_DIRECTIONS:_
You are to retype all of the data exactly as it appears.

----------------------------------------

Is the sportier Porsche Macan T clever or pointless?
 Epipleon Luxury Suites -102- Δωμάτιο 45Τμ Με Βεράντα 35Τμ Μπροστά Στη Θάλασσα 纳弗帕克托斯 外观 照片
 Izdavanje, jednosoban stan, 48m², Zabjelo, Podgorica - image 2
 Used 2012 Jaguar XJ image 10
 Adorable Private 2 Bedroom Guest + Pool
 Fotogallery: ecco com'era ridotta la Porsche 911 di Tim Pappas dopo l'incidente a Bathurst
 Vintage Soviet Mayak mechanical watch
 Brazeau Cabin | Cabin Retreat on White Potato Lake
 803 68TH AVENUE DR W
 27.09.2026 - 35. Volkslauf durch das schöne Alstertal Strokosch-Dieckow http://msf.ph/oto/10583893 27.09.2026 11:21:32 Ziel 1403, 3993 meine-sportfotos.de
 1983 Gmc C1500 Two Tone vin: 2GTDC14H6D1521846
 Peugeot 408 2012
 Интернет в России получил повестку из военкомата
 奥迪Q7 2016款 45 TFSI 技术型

----------------------------------------

_PROBLEM SOLUTION:_
Is the sportier Porsche Macan T clever or pointless?
 Epipleon Luxury Suites -102- Δωμάτιο 45Τμ Με Βεράντα 35Τμ Μπροστά Στη Θάλασσα 纳弗帕克托斯 外观 照片
 Izdavanje, jednosoban stan, 48m², Zabjelo, Podgorica - image 2
 Used 2012 Jaguar XJ image 10
 Adorable Private 2 Bedroom Guest + Pool
 Fotogallery: ecco com'era ridotta la Porsche 911 di Tim Pappas dopo l'incidente a Bathurst
 Vintage Soviet Mayak mechanical watch
 Brazeau Cabin | Cabin Retreat on White Potato Lake
 803 68TH AVENUE DR W
 27.09.2026 - 35. Volkslauf durch das schöne Alstertal Strokosch-Dieckow http://msf.ph/oto/10583893 27.09.2026 11:21:32 Ziel 1403, 3993 meine-sportfotos.de
 1983 Gmc C1500 Two Tone vin: 2GTDC14H6D1521846
 Peugeot 408 2012
 Интернет в России получил повестку из военкомата
 奥迪Q7 2016款 45 TFSI 技术型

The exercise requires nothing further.